The TV undercover bosses also get exposed to human suffering and learn compassion and are even treated to it. One boss learned that a very good local manager at a pizza place turned to that job after losing a loved one and finding himself unable to complete college. The job helped keep his life together. In a very moving moment on a different episode, an employee on lunch break spoke of losing a daughter. The undercover boss was reminded of the recent death of his dad. Upon sharing with her, the man started to cry. His employee gave him a hug. She later wrote him a letter, telling how she and her husband dealt with their grief by writing letters to their deceased daughter, pouring everything they wanted to say to her into their missives. It reminded me of the time when Jesus, seeing the grief of Mary, Martha and their friends over Lazarus, began to weep himself. The comforting reminds me of the woman who anointed Jesus with perfume, washed his feet with her tears and dried them with her hair. Jesus saw it as an act of compassion and said she would be remembered forever in the gospel. In a similar way, the undercover boss dedicates the employee's favorite bench at the zoo and names it after the woman's daughter as a memorial.

As you've probably guessed, at the end of each Undercover Boss, the CEO removes his disguise, calls the people he worked with to the boardroom and reveals who he is. He also rewards them, both personally and professionally, for their hard work and dedication. Jesus will do something similar with us. Baptism received with faith in Jesus gets you into the kingdom, and thus assures your salvation, but there will be rewards for those who really let God's Spirit work in them. Jesus give us a parable about a master making his servants stewards of talents and rewarding them for investing wisely. Paul speaks about our works being judged in 1 Corinthians 3. "For no one can lay any foundation other than what is being laid, which is Jesus Christ. If anyone builds on the foundation with gold, silver, precious stones, wood, hay, or straw, each builder's work will be plainly seen, for the Day will make it clear, because it will be revealed by fire. And the fire will test what kind of work each has done. If what someone has built survives, he will receive a reward. If someone's work is burned up, he will suffer loss. He himself will be saved, but only as through fire." In one episode of Undercover Boss, a poor worker is not fired at the end but given further training so he will do a better job. In the same way, just because we are saved by faith does not mean that how we live our lives after accepting Jesus is consequence-free. We need to do good.

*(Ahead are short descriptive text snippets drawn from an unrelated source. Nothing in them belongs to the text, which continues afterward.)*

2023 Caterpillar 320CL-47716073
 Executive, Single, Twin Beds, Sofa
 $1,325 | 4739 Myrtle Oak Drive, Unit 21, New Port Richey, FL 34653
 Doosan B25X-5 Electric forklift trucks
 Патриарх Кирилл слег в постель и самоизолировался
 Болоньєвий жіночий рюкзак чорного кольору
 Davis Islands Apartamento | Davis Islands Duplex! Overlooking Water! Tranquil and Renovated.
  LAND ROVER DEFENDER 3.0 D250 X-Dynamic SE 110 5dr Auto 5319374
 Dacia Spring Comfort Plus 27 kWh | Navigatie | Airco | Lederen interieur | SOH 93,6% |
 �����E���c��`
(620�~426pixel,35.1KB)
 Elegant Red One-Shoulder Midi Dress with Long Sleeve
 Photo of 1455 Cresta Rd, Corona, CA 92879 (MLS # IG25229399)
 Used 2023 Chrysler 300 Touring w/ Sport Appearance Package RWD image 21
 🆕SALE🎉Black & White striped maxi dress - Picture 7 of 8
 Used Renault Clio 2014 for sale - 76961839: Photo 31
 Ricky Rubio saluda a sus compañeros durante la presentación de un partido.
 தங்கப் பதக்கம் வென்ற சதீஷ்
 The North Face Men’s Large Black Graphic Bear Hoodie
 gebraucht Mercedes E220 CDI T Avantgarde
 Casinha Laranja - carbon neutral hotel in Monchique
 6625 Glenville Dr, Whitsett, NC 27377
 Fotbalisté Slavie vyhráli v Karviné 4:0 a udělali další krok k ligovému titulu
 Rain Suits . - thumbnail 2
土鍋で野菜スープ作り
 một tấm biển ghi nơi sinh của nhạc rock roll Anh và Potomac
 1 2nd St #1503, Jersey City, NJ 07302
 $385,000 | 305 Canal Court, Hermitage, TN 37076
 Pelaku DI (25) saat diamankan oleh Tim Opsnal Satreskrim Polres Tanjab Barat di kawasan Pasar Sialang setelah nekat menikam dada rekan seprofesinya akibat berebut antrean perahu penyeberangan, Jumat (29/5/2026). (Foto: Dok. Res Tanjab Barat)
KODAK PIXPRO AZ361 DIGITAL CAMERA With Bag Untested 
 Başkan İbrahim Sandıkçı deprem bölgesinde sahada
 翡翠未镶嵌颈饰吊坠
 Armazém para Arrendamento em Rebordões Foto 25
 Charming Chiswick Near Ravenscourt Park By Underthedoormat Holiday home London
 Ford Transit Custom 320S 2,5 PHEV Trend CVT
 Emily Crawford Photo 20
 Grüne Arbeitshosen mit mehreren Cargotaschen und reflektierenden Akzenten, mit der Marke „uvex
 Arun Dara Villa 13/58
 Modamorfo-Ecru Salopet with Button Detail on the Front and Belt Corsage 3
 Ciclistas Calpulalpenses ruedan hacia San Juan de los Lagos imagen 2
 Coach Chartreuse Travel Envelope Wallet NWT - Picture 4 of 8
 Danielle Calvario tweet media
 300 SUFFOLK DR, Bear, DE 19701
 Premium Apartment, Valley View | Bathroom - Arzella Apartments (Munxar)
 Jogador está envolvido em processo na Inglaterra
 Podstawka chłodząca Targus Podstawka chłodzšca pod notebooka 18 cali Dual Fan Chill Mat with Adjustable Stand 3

I have only watched a few episodes but I'm willing to bet that no TV boss has done what ours has done: sacrifice himself for the good of all. The little experiment they do for the TV show costs these leaders a week or two of living in a budget hotel and hard work. Jesus lived among and as one of us for around 33 years. And his exit interview was brutal. He did not reveal his true identity as undercover boss in a boardroom but on a cross and in a garden tomb. He doesn't give out vacation vouchers but offers eternal life with him.

Baptism was just the start for Jesus' mission, as it is for us. Because of what he did, he understands what it is to work for God on the frontlines in this life. Because of what he did, we know he loves us and we can trust him. And that looking good to others was not part of the reason, unlike TV's undercover bosses. Let's face it: no CEO is going on a show that will make him or his company look bad. The cameras are not hidden; a cover story is given that a documentary is being made. So we can never be sure if anyone is being completely honest in their observations.

Jesus is totally honest. He tells us what's wrong with us, what we need to do about it, that it will be costly but also that it will be worth it. Life is, thank God, not a job. But it can be an adventure where the goal is to make the world better, to make people better by introducing them to the God who working to do just that. Not for fame, not for money, not for power, but because he loves us.